It might sound like I’m being too negative. But there’s no debate whether Mass Effect 3 is a good game. It has good combat, an effective atmosphere, satisfying resolution, and a few great characters. Co-op is surprisingly entertaining. Bioware has finally settled on a good balance of RPG elements, too. It’s easy to dismiss most of the nitpicks. It’s the best game in the series for all these reasons.

Instead, I argue about whether Mass Effect 3 is a great game. I write about it because I deeply care about Bioware as a developer. I want Bioware to strengthen choice and consequence and master character writing so I can consider their games to be classics again. At the very least, I’m no longer left out of this series now that I appreciate the combat and the universe. I have my foot in the door. So even if I never get all the way through that door where Mass Effect becomes an all-time favorite, I can finally enjoy the ride for what it’s worth.

4 stars
PC

Tim James has been digging into RPGs for 20 years. He isn’t worth any war assets, but he’d still like your help with some relationship problems.

  • Jmacgregor5

    Really good review, well balanced mix of personal and general points.

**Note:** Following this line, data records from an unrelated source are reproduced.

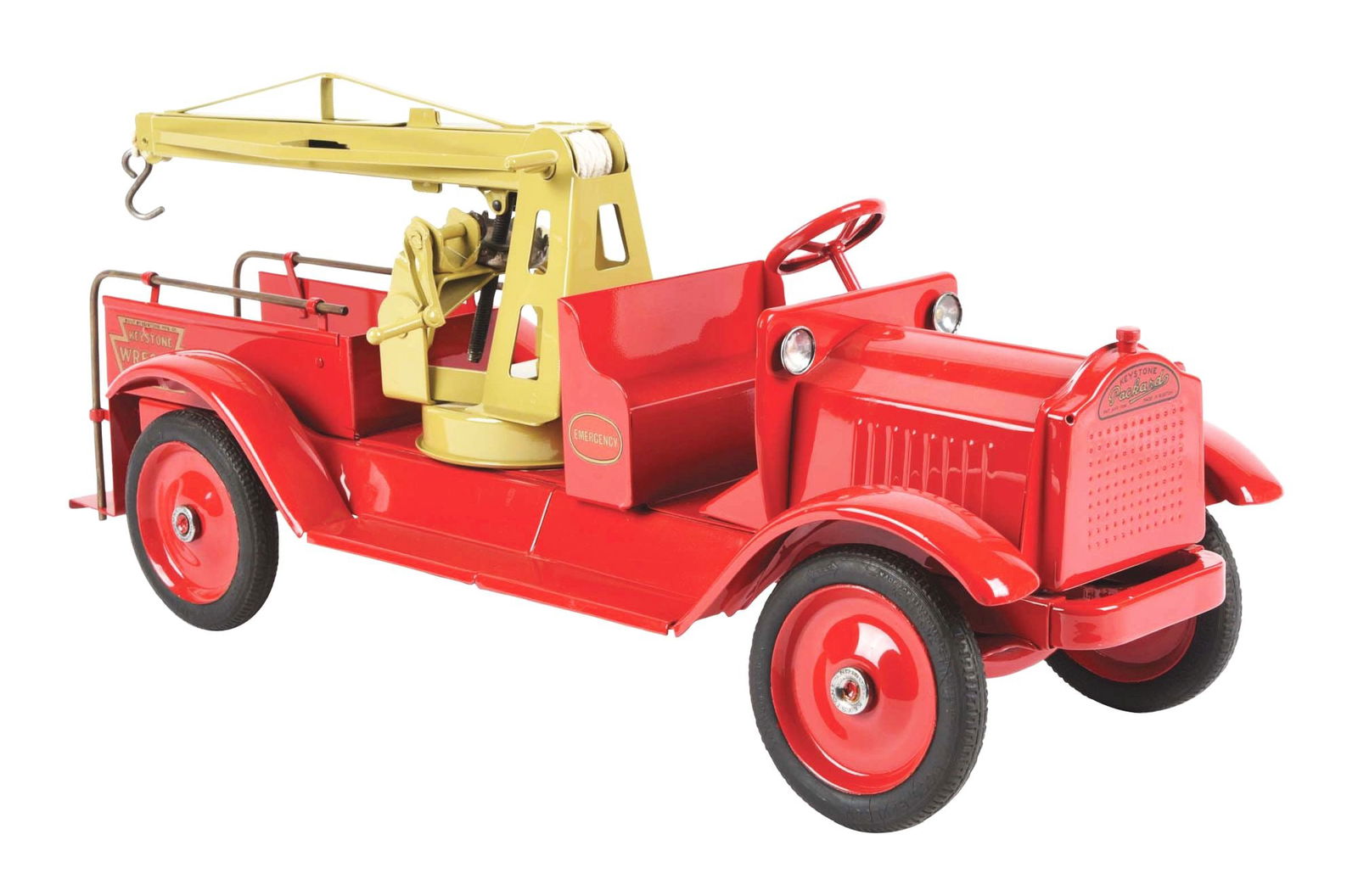 KEYSTONE MFG. CO. WRECKER TOW TRUCK: A professional restoration to a rust-free original truck. Condition: (Restored) Item Dimensions: 27" x 9" x 10 - 1/2".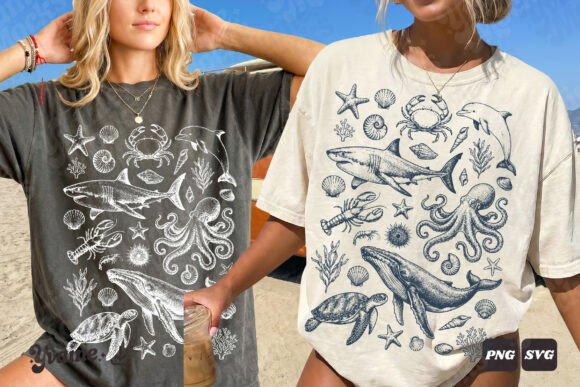 Download Summer Coastal Ocean Life Doodle SVG PNG - Doodle Collection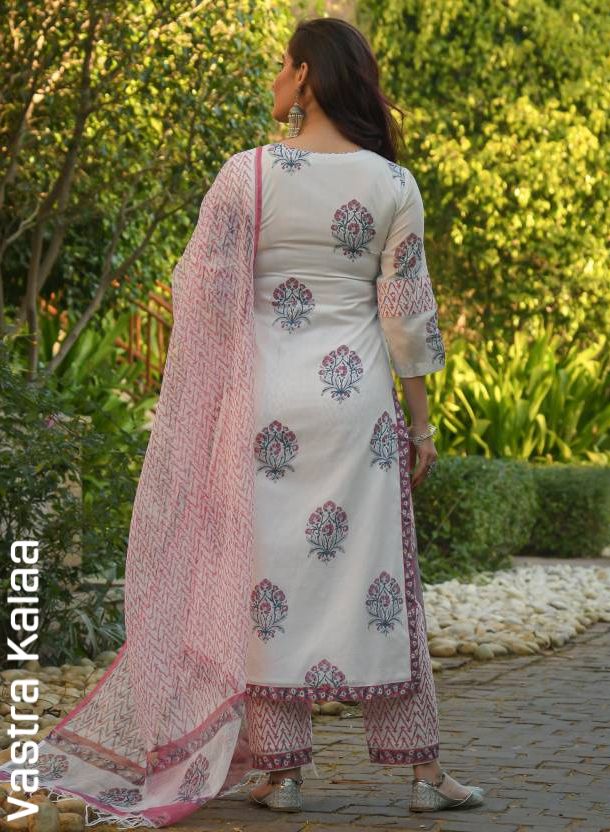 "Soft White With Pink And Grey Floral Motifs Kurta Sets"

    Personally after both Witcher (and numerous non-choice based but well written) games I’m not sure I have any enthusiasm for Bioware’s dialogue anymore. That and EAs cross-platform, money-grabbing shenanigans don’t help.

    Side note: this may be me misremembering things (and slightly stalkerish) but isn’t Tom the only person who can post scored reviews?

  • tomchick

    Not stalkerish at all! I’ve recused myself from “officially” reviewing Mass Effect 3. But now that Qt3 in on the aggregates, I want to make sure we covers major releases, even if I don’t do the review. So in this instance, Tim was kind enough to help out. I have a lot of respect for the breadth of games he plays, and how articulate and opinionated he is.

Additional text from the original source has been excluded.